By Mel Gilcrest ‘19
30 minutes before Díaz walked on stage, Garrison Theater was already full to bursting. The event, “Junot Diaz in Conversation,” had been sold out for months: on the night of September 19th, “Scripps Presents” sponsored the much-anticipated conversation between Jade Chang, author of The Wangs vs. the World, and Junot Díaz, the Pulitzer-Prize-winning author of The Brief Wondrous Life of Oscar Wao and many other works. The wickedly funny, often-profane Díaz quickly hit off a fast-paced and deeply moving conversation with Chang, covering topics as enormous as the power of “radical hope” in the age of Trump and as personal as the politics of love in Dominican families.

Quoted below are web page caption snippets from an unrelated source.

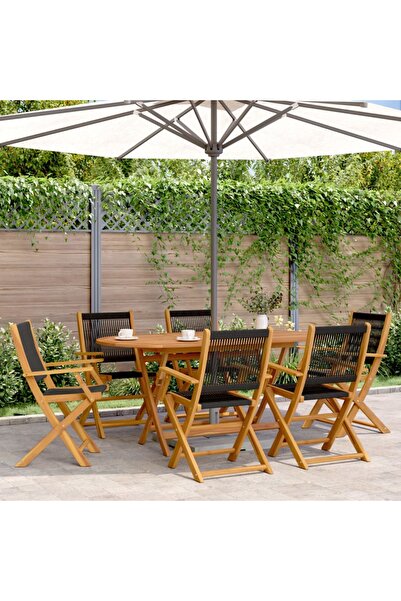 vidaxl Set mobilier de gradina 7 piese polipropilena neagra/lemn masiv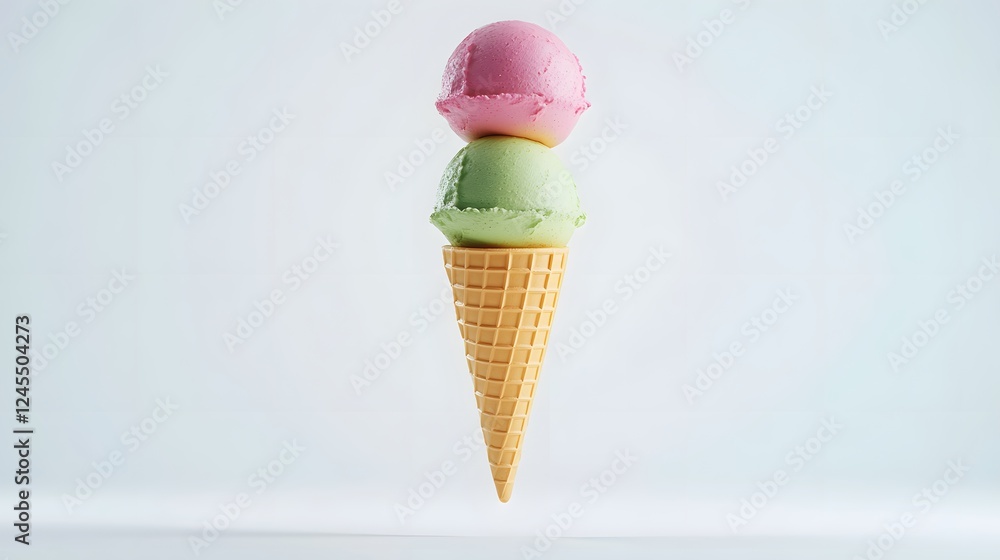 single waffle cone with three colorful scoops in pink, green, yellow, floating mid-air against pure white background, capturing the essence of fun, vibrant, and refreshing ice cream dessert.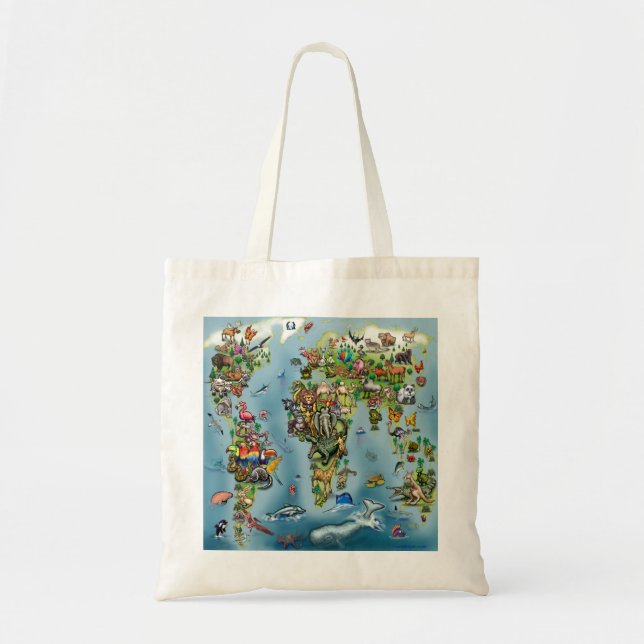 Animals World Map Tote Bag (Front)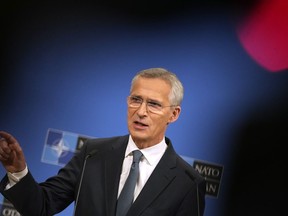 NATO Secretary General Jens Stoltenberg addresses a media conference after a meeting of NATO defence ministers at NATO headquarters in Brussels, Friday, June 14, 2024. Stoltenberg is slated to give a speech at an event hosted by the NATO Association of Canada this evening.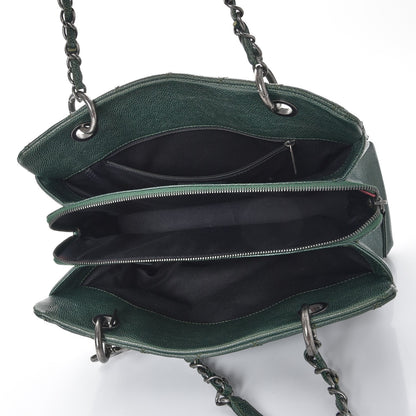 Chanel Caviar Chic Shopping Tote Dark Green 5 of 12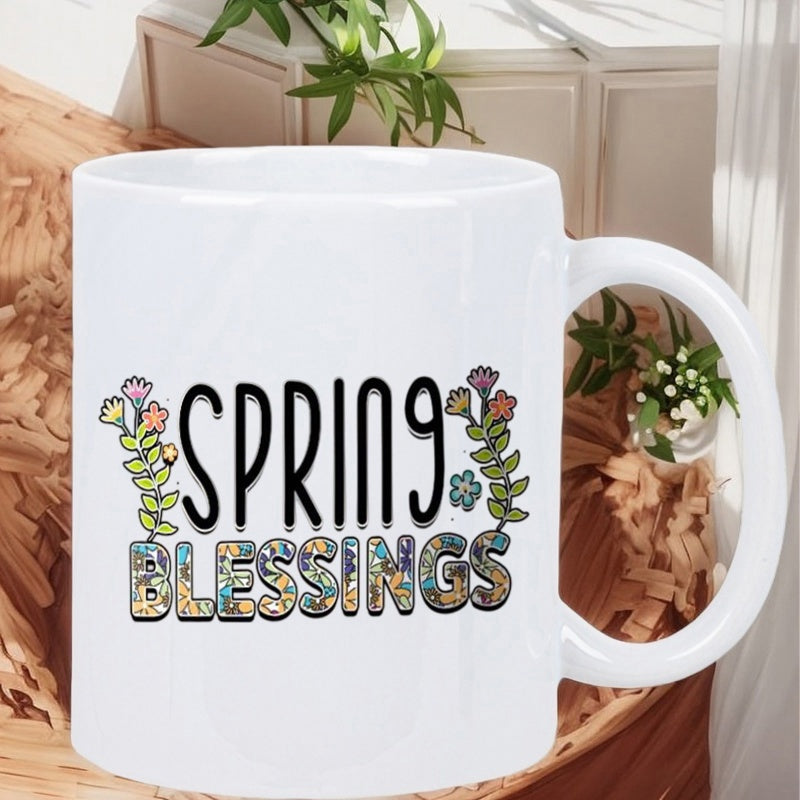 Tailorly White Ceramic 11 oz Mug - Spring Blessings Colorful Blooming Flowers And Hand Drawn Letters Decorative Season Inspired Mug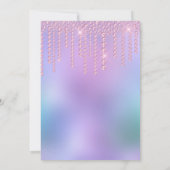 ピンク·ローズ·金ゴールド·エレガントダイヤモンド·ドリップ·sweet sixteen 招待状 (裏面)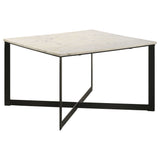 Tobin 2-piece Marble Top Coffee and End Table Set White - Tampa Furniture Outlet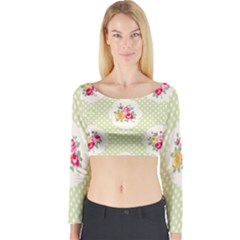 Green Shabby Chic Long Sleeve Crop Top by NouveauDesign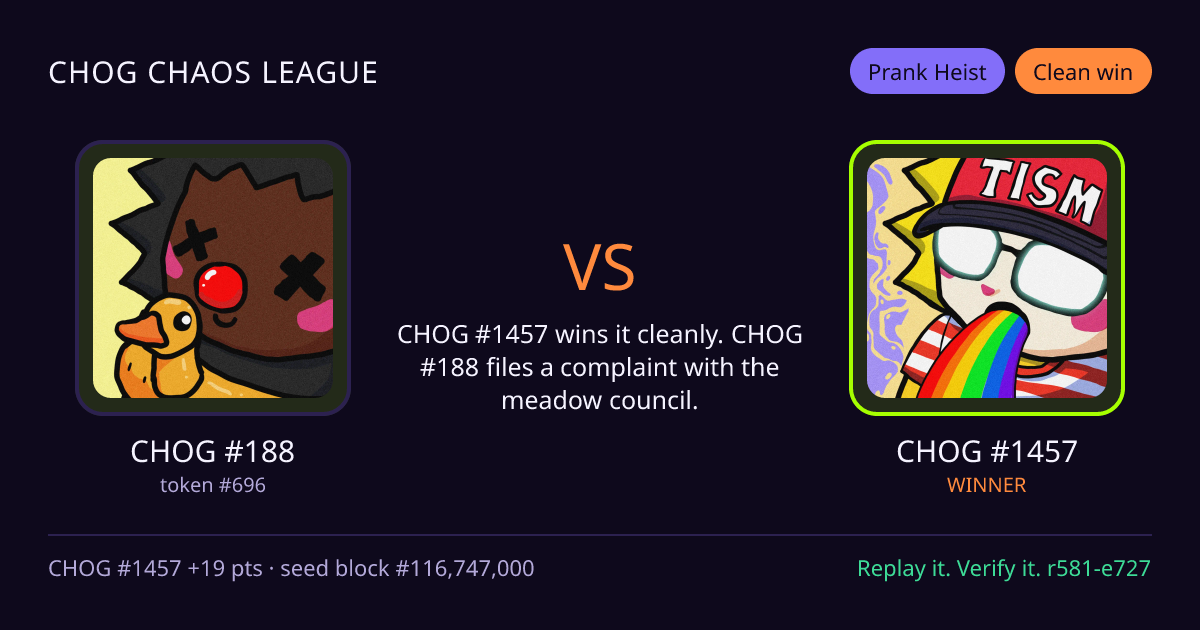 Highlight card: CHOG #188 versus CHOG #1457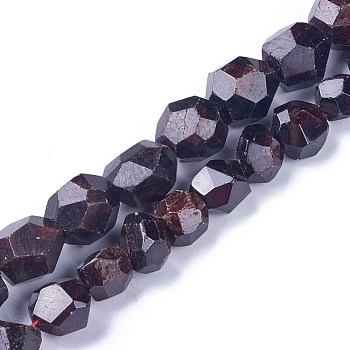 Natural Garnet Beads Strands, Faceted, Round, 12~17x10~15x10~15mm, Hole: 1.5mm, about 30pcs/strand, 15.3 inch(39cm)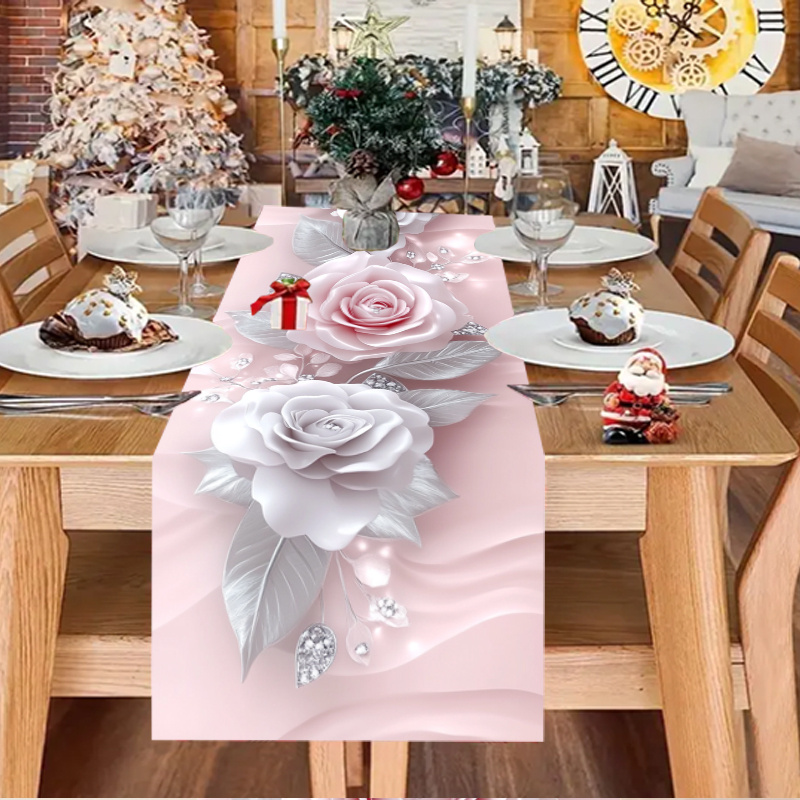 Image of Elegant White Rose And Crystal Pattern Table Runner, Fashionable Tablecloth, Unique Tablecloth, Artistic Tablecloth, Suitable For , Table Decoration, Holiday Decor, Room Decor, Scene Decoration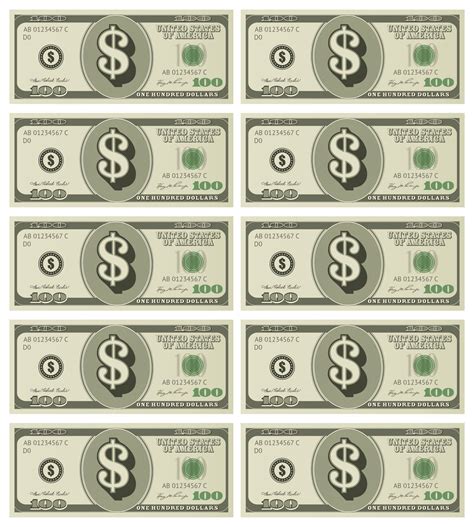 Fake Money Template Word in 2020 Play money template, Printable play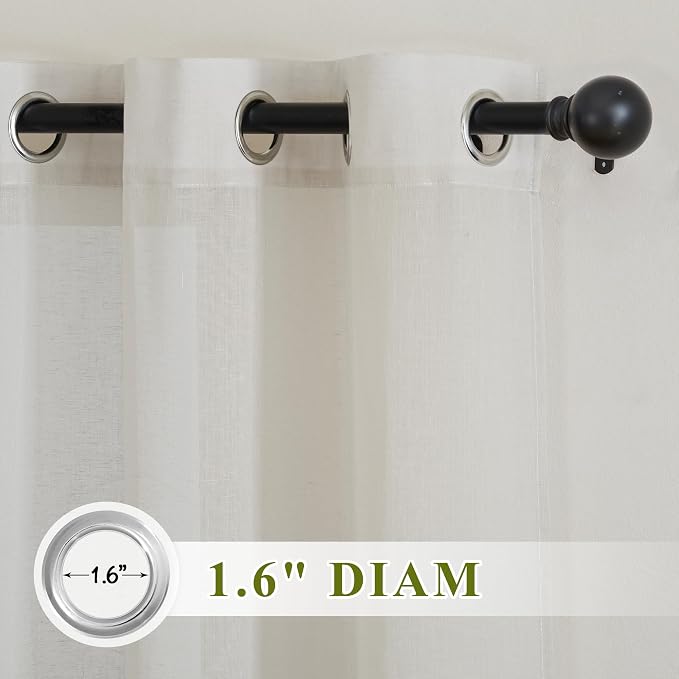 NICETOWN Natural Linen Curtains 96 inches Long, Grommet Semi Sheer Linen Burlap - Image 2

Chang’s first question was based in her own experience of Díaz’s first book, Oscar Wao, which she found so cross-culturally specific she ini tially believed she was “the only one in the world who could understand it.” Díaz discussed the hybrid cultures of his home in New Jersey, a place where every disenfranchised group in the world seemed to “bring their grievances.” He claimed that, as he wrote Oscar Wao, he “truly” believed that “only eight people would ever read it”--a mindset he believed gave him the freedom to write without seeking approval, which he beieves is essential to the creative process (or at least his own).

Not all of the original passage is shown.